Publicado no Jornal O Globo em 11/02/2001
NOVA YORK. Em 1933, o fim da Lei Seca fez
cair a taxa de criminalidade nos Estados Unidos da Grande
Depressão. Quarenta anos depois, a legalização
do aborto deu à luz uma geração que comete
menos crimes que as gerações antecessoras, as dos
filhos do aborto proibido.
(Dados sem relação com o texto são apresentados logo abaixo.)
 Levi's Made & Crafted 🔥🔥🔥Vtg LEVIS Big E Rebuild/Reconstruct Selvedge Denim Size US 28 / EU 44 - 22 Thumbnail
Um estudo a ser publicado em maio
pela "Revista Trimestral de Economia", da Universidade
de Harvard, demonstra que os americanos concebidos e criados
pelo desejo dos pais tendem a ter melhores resultados na vida,
ao passo que os filhos indesejados respondem por nada menos que
a metade dos crimes praticados nos EUA.
O estudo, intitulado "O impacto da
legalização do aborto no crime", é
fruto de três anos de trabalho dos professores Steven
Levitt, do Departamento de Economia da Universidade de Chicago,
e John Donohue III, da Escola de Direito da Universidade
Stanford. A pesquisa sustenta que a criminalidade no país
começou a cair aproximadamente 18 anos depois da legalização
do aborto, isto é, em 1991.
"Os cinco estados que permitiram o
aborto em 1970 (Nova York, Washington, Alasca, Havaí e
Califórnia) experimentaram declínios mais cedo que
o resto da nação, que legalizou-o em 1973",
diz o texto. Na taxa de assassinatos, o país vive desde
1991 a mais abrupta queda desde 1933. Os índices de
assassinatos têm caído mais de 40%. Crimes
violentos e contra a propriedade caíram, cada qual, 30%.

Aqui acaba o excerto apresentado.